Audio Compression

Introduction

When I bought my 30GB iPod, I had to decide which audio compression scheme I wanted to use for encoding my 300 to 400 CDs. As I'm quite critical about sound quality, I wanted to be sure to choose a correct compression.

Searching on the web shows that audible differences between encodings are already reported a couple of times (e.g. see Recordstorereview, Roberto's Pages, iPodlounge, AAC versus MP3 LAME). Because their observations differ a lot (and because I'm quite stuborn), I've decided to conduct my own experiment. I'll explain my experiment and findings on this page. If you're only interested in the outcome, go to the overview table.

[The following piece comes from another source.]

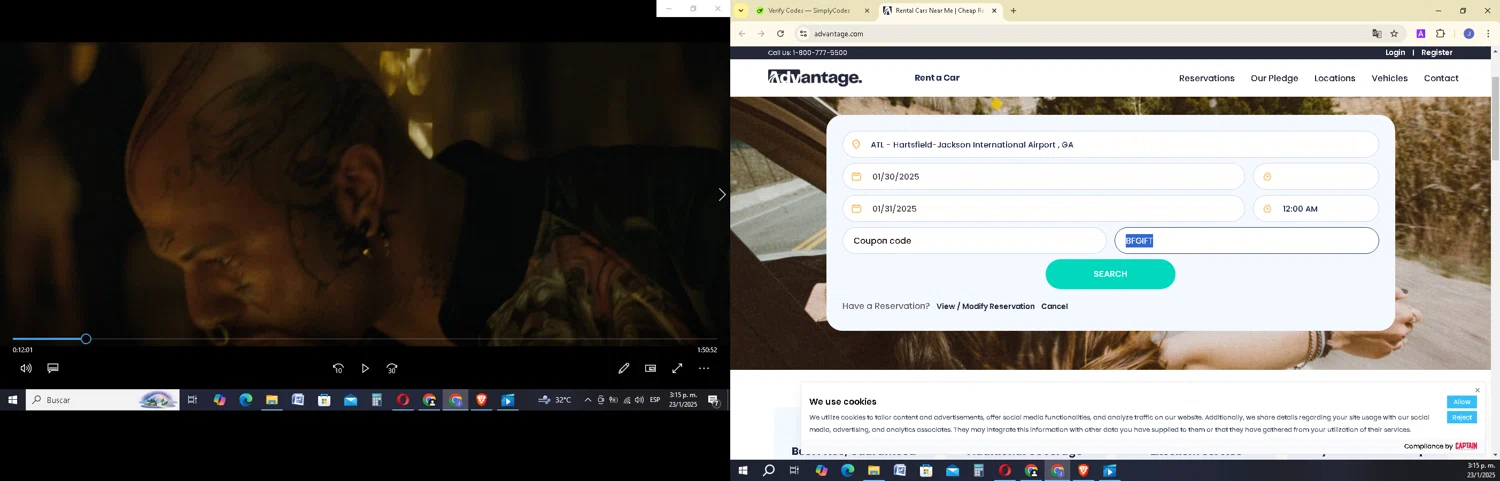 Advantage Rent a Car checkout page showing Advantage Rent a Car coupon code box | Screenshot taken by SimplyCodes community member on Jan 23, 2025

For more detailed background info about audio encodings, you could have a look at:

Source material and test equipment

First of all I had to choose some source material that would exploit the differences between encodings. For this, I've chosen the following music:

The music samples contain quite some transient behaviour (harpsicord, guitars, castanets), have a different nature (acoustic pop versus electronic pop versus classical music), have a different ambience (close miked recordings versus an orchestral hall with a lot of room reverbations), and also have a different timbre.

I've converted all these tracks to the following formats, using iTunes and LAME:

  • AIFF: 1444 (as a reference file)
  • AAC iTunes: 96, 128, 160, 192, 224, 320.
  • MP3 iTunes: 96, 128, 128VBR, 160VBR, 192VBR, 320VBR.
  • MP3 LAME: 96, 128, 128VBR, 160VBR, 192VBR, 320VBR (using the LAME -h -v -V0 -b <bitrate> setting).

I've also checked with other music, but less extensively.

My main reference track described on this website is the Tori Amos track. In my experiment I've double checked my findings with all the other tracks. I've encoded a 3 second 128 kbit/sec VBR MP3 file of this track, to give you an impression what I'm talking about (due to copyright reasons I keep the sample short and low quality).

I've listened to these tracks via different equipment, just to be sure I was not limited by specific weak part of the audio chain. I've used the iPod (ofcourse) through its headphone output, as well through the line output via its docking station. I've used a Etymotic ER-4P, Sennheiser HD 497, Beyerdynamics 311, iPod earbuds, Sony MDR-E888LP earbuds (for a very short while), and AKG 340 electrostatic. I've also burned a CD with a decoded version of all the files, so that I could also listen to the differences on any common CD-player, in my case a TEAC VDRS-10 CD player, a self-made DAC, my Audio Innovations Classic 25 Tube amp, and self-built Audio Note E speakers.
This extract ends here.